Requirement:
Leave out the images and output the records word for word.

Supplied records:

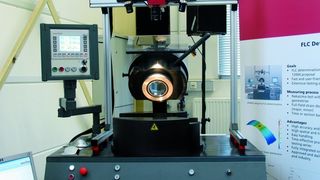 Besonderer Wert wurde auf die Steuerungstechnik der hydraulischen Maschine gelegt, die mit einer SPS den Umformversuch über Kraft- und Stempelwegmessung steuerbar macht. (Archiv: Vogel Business Media)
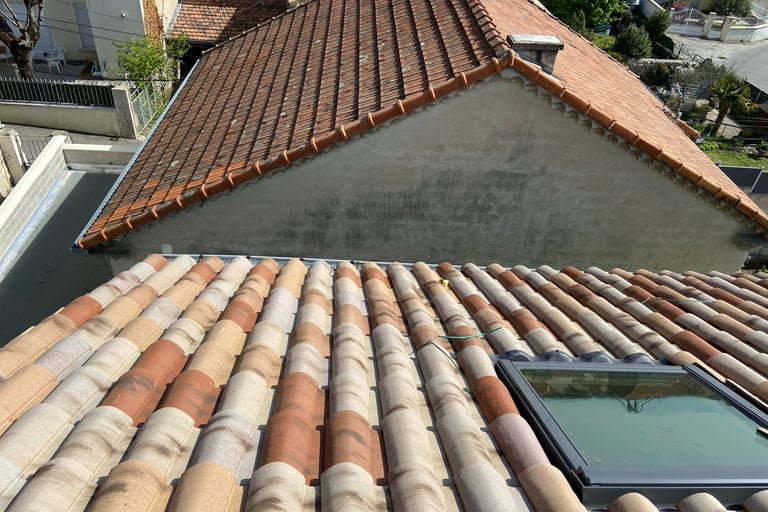 finition pose velux sur toiture maison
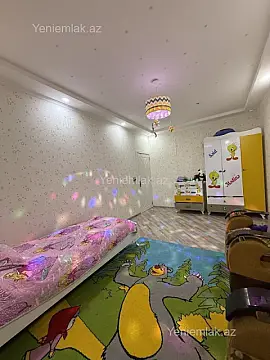 Satılır 3 otaqlı köhnə tikili 105 m²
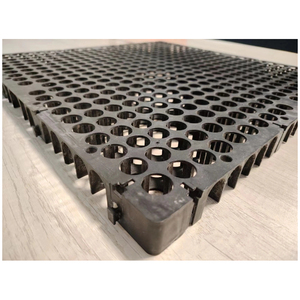 Cellule de drainage en PP pour <span class=keywords><strong>béton</strong></span>, certifiée CE, conforme ASTM, 50x50cm, en plastique, pour la collecte des <span class=keywords><strong>eaux</strong></span> de pluie dans les jardins, parcs, sous-sols et toitures modernes - Product Image 2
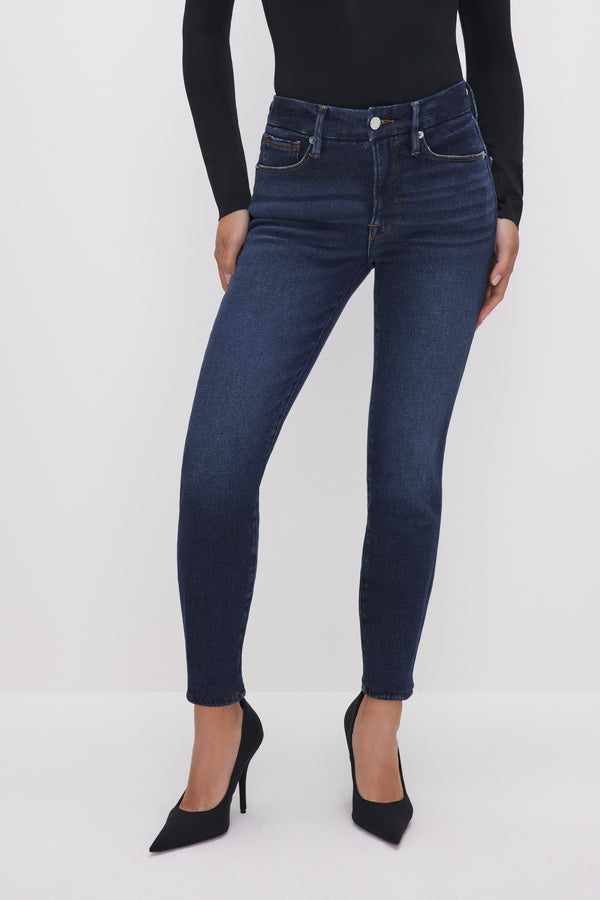 Good American GOOD PETITE SKINNY JEANS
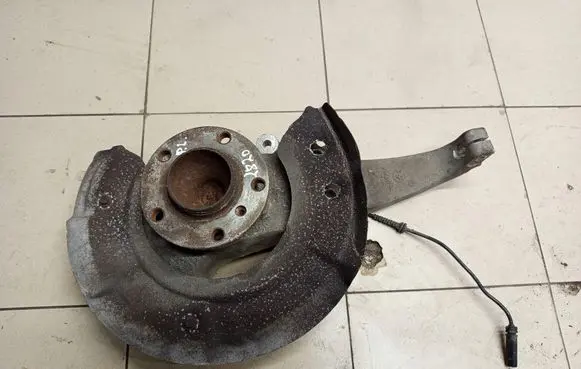 BMW 5 F10 F11 Front wheel hub spindle knuckle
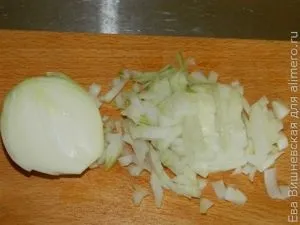 Тушкований кабачок з куркою (дієтичне блюдо) Тушкований кабачок з куркою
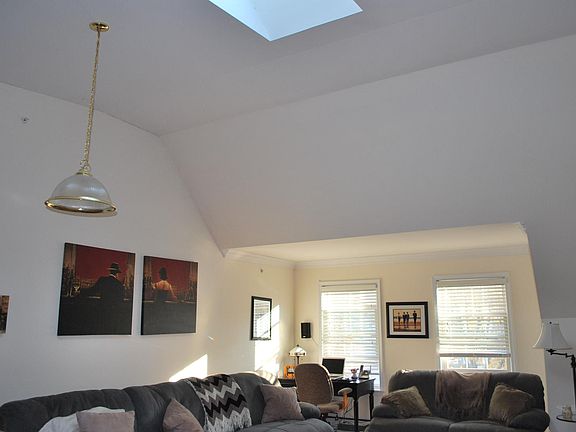 3rd image of 214 Main St Unit 301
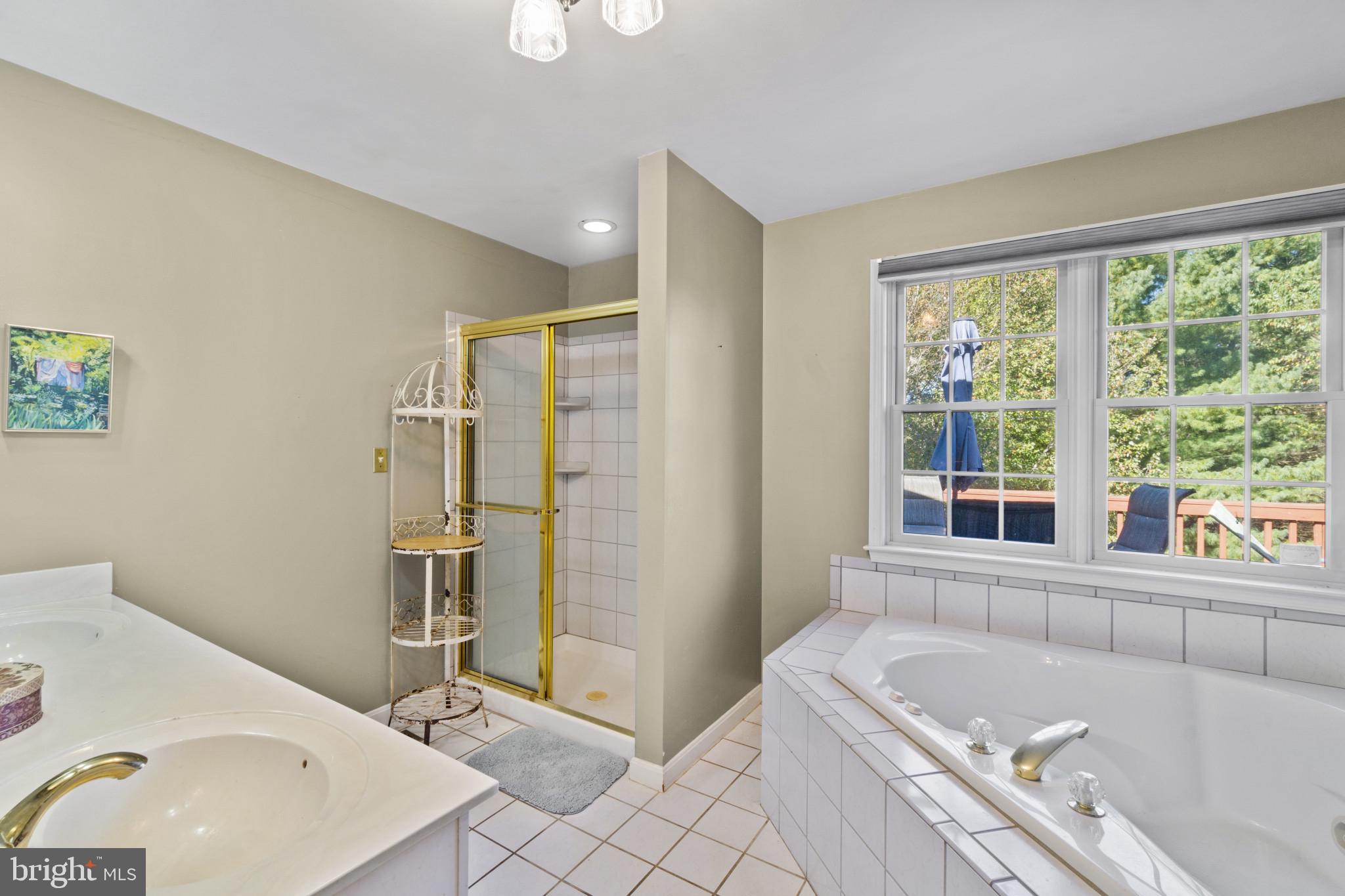 BERNOUDY FARMS - Residential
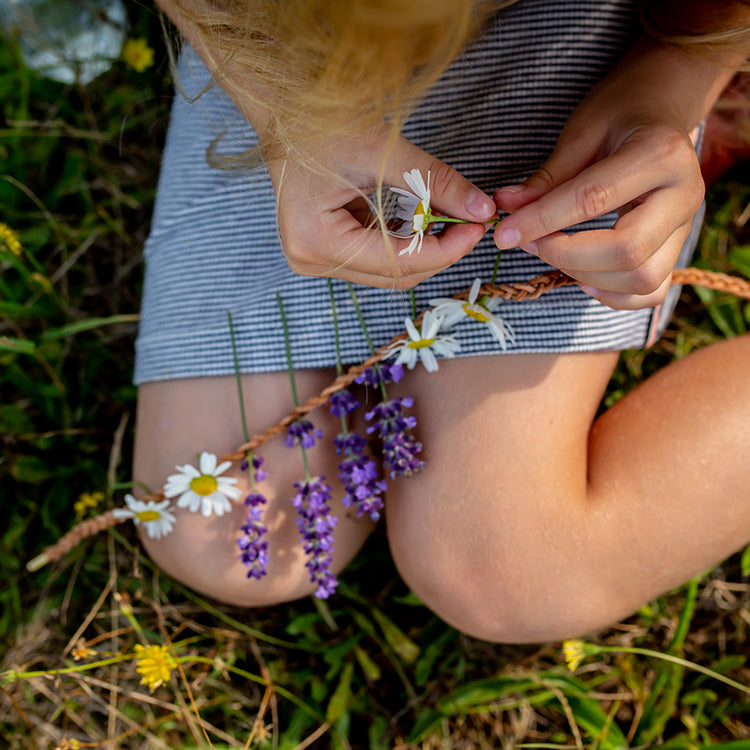 Huckleberry Make Your Own Fresh Flower Necklace – Kikkerland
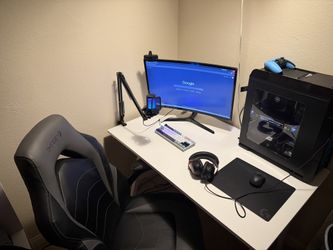 PC SET UP (READ DESCRIPTION) GOOD DEAL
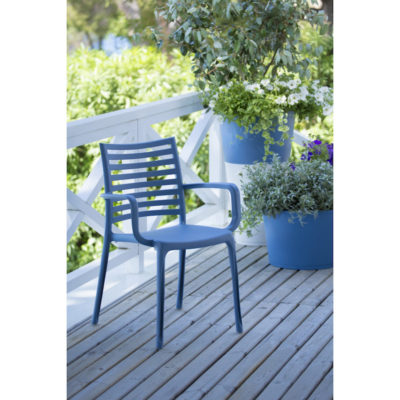 Fauteuil Grosfillex SUNDAY Bleu Denim terrasse bois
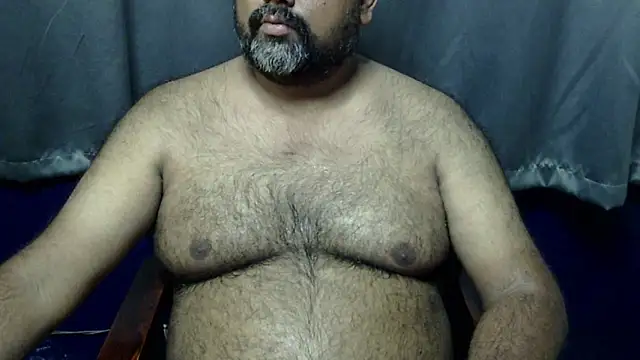 Snapshot of hairysubcub_70 chatting on 24, 5, 2026 hairysubcub 70 online show from 24, 5, 2026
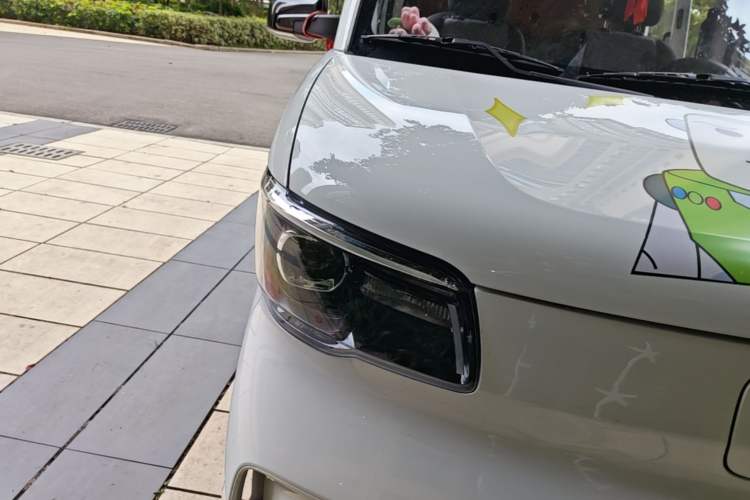 Used Wuling Zhiguang New Energy 2025 Model 305km Ambitious Edition Right Front Headlight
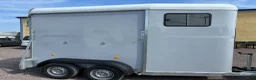 Hästtransporter  fordon & transport till salu: NYSKICK - Annons 1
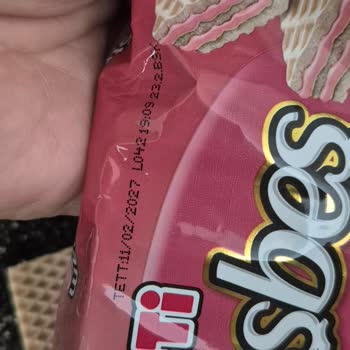 Eti Hoşbeş Çilekli Gofretin İçinden Böcek Çıkması Sağlık Korkusu Yaratıyor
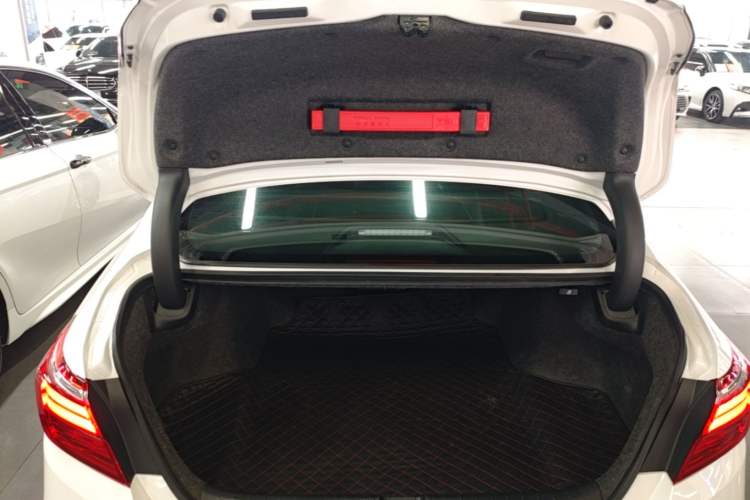 Used Honda Inspire 2022 260TURBO Jingyue Version Trunk
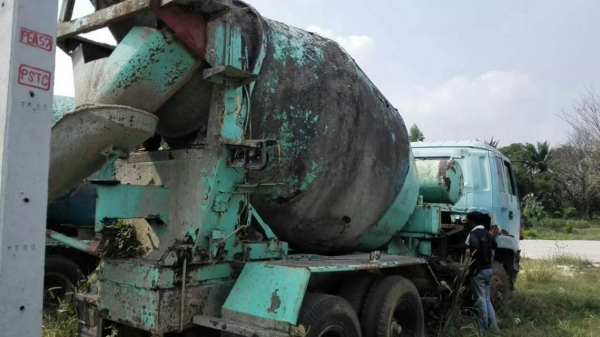 ขายรถ10ล้อ2เพลา โม่ปูน ร็อกกี้260แรง ขายตามสภาพ ติดเครื่องวิ่งเดินทางได้ เอกสารพร้อมโอน สนใจโทร 090-8588220คุณนะ 093-3258446คุณบิว หรือเข้าดูสินค้าอื่นๆได้ที่ www.truck.in.th/498 หรือเพจFacebook ณรงค์ ซื้อขายรถมือสอง (เว็บไซต์ส่วนตัว) หรือFacebook คุณนะ ร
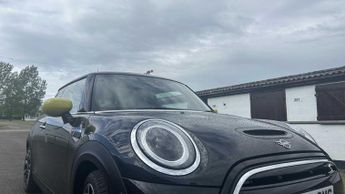 MINI Hatchback Cooper S Level 3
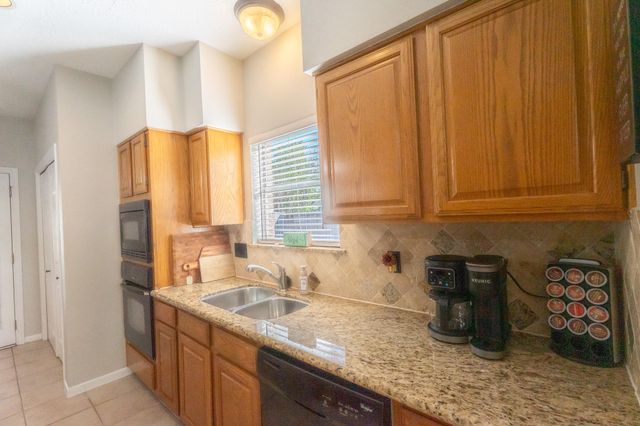 1209 Twin Oaks Street, Friendswood, TX 77546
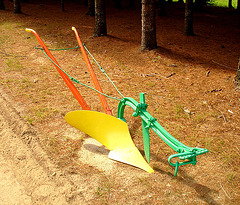 Solitude Ste-Françoise / 19 août 2006 - Instrument agraire obsolère / Obsolete agrarian tool.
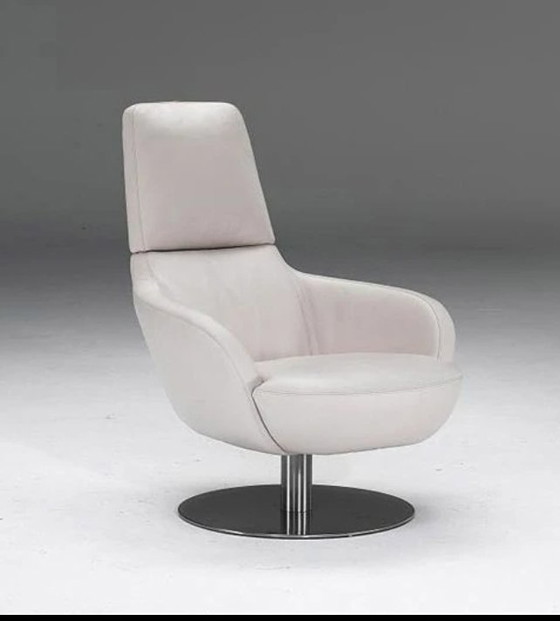Sillón giratorio de cuero Natuzzi Design Modelo Brend – Sillas giratorias, Leather, Metal (photo 7 of 7)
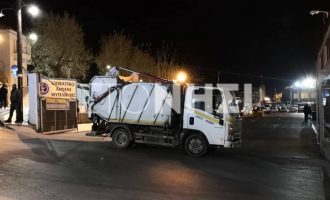 Μυτιλήνη: Βγάζουν τα απορριμματοφόρα στο λιμάνι για να αποτρέψουν την αποβίβαση των ΜΑΤ που στέλνει η κυβέρνηση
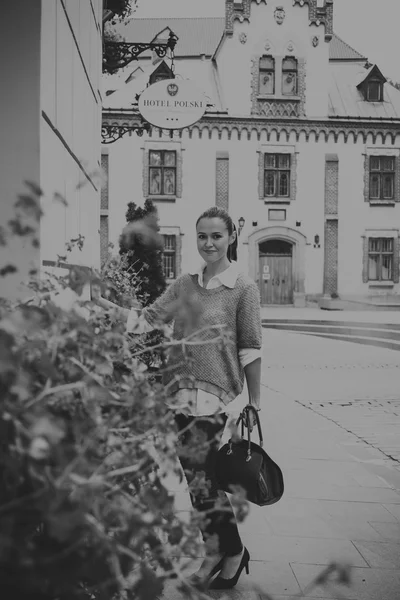 Menina bonita viajando na cidade antiga — Fotografia de Stock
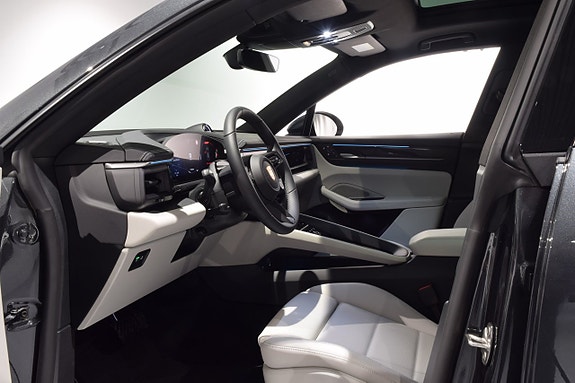 Porsche Macan 4 4 of 5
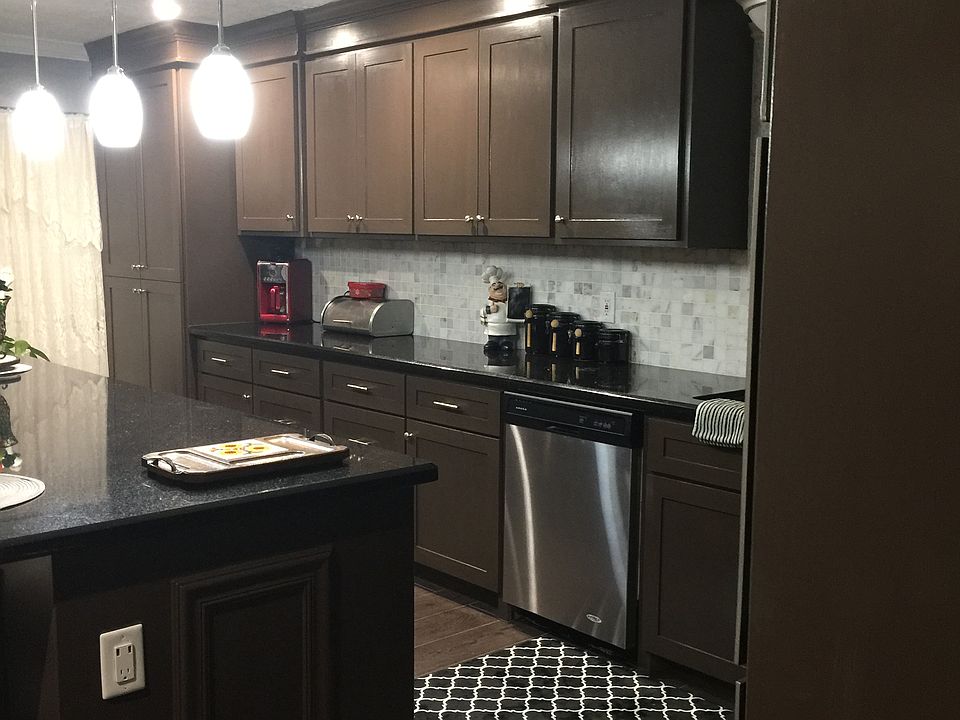 Kitchen with 8ft bar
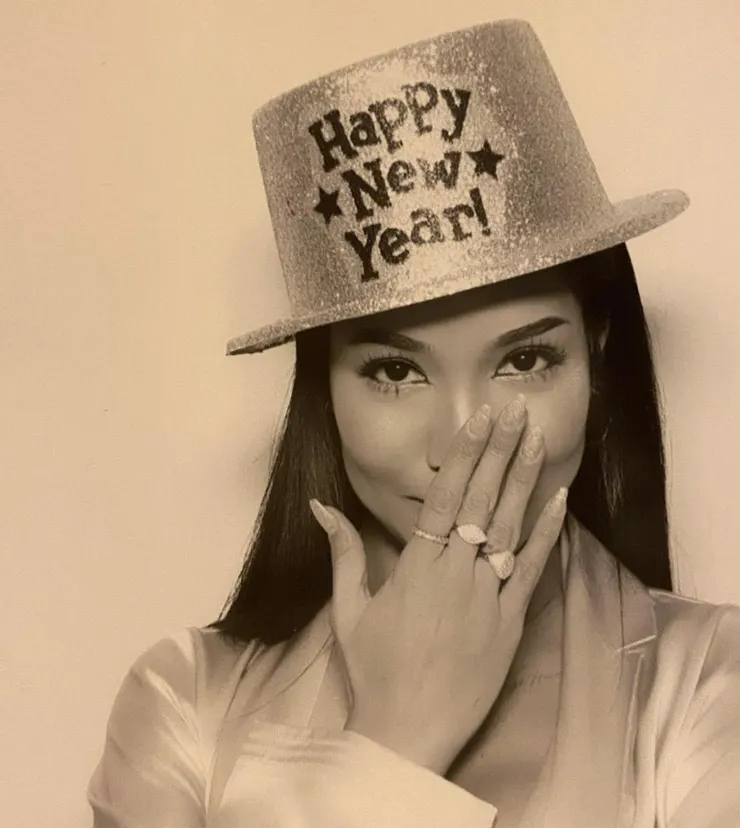 Jhenè Aiko：結尾有附官方影片連結噢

Output for this exercise:
 Besonderer Wert wurde auf die Steuerungstechnik der hydraulischen Maschine gelegt, die mit einer SPS den Umformversuch über Kraft- und Stempelwegmessung steuerbar macht. (Archiv: Vogel Business Media)
 finition pose velux sur toiture maison
 Satılır 3 otaqlı köhnə tikili 105 m²
 Cellule de drainage en PP pour <span class=keywords><strong>béton</strong></span>, certifiée CE, conforme ASTM, 50x50cm, en plastique, pour la collecte des <span class=keywords><strong>eaux</strong></span> de pluie dans les jardins, parcs, sous-sols et toitures modernes - Product Image 2
 Good American GOOD PETITE SKINNY JEANS
 BMW 5 F10 F11 Front wheel hub spindle knuckle
 Тушкований кабачок з куркою (дієтичне блюдо) Тушкований кабачок з куркою
 3rd image of 214 Main St Unit 301
 BERNOUDY FARMS - Residential
 Huckleberry Make Your Own Fresh Flower Necklace – Kikkerland
 PC SET UP (READ DESCRIPTION) GOOD DEAL
 Fauteuil Grosfillex SUNDAY Bleu Denim terrasse bois
 Snapshot of hairysubcub_70 chatting on 24, 5, 2026 hairysubcub 70 online show from 24, 5, 2026
 Used Wuling Zhiguang New Energy 2025 Model 305km Ambitious Edition Right Front Headlight
 Hästtransporter  fordon & transport till salu: NYSKICK - Annons 1
 Eti Hoşbeş Çilekli Gofretin İçinden Böcek Çıkması Sağlık Korkusu Yaratıyor
 Used Honda Inspire 2022 260TURBO Jingyue Version Trunk
 ขายรถ10ล้อ2เพลา โม่ปูน ร็อกกี้260แรง ขายตามสภาพ ติดเครื่องวิ่งเดินทางได้ เอกสารพร้อมโอน สนใจโทร 090-8588220คุณนะ 093-3258446คุณบิว หรือเข้าดูสินค้าอื่นๆได้ที่ www.truck.in.th/498 หรือเพจFacebook ณรงค์ ซื้อขายรถมือสอง (เว็บไซต์ส่วนตัว) หรือFacebook คุณนะ ร
 MINI Hatchback Cooper S Level 3
 1209 Twin Oaks Street, Friendswood, TX 77546
 Solitude Ste-Françoise / 19 août 2006 - Instrument agraire obsolère / Obsolete agrarian tool.
Sillón giratorio de cuero Natuzzi Design Modelo Brend – Sillas giratorias, Leather, Metal (photo 7 of 7)
 Μυτιλήνη: Βγάζουν τα απορριμματοφόρα στο λιμάνι για να αποτρέψουν την αποβίβαση των ΜΑΤ που στέλνει η κυβέρνηση
 Menina bonita viajando na cidade antiga — Fotografia de Stock
 Porsche Macan 4 4 of 5
 Kitchen with 8ft bar
 Jhenè Aiko：結尾有附官方影片連結噢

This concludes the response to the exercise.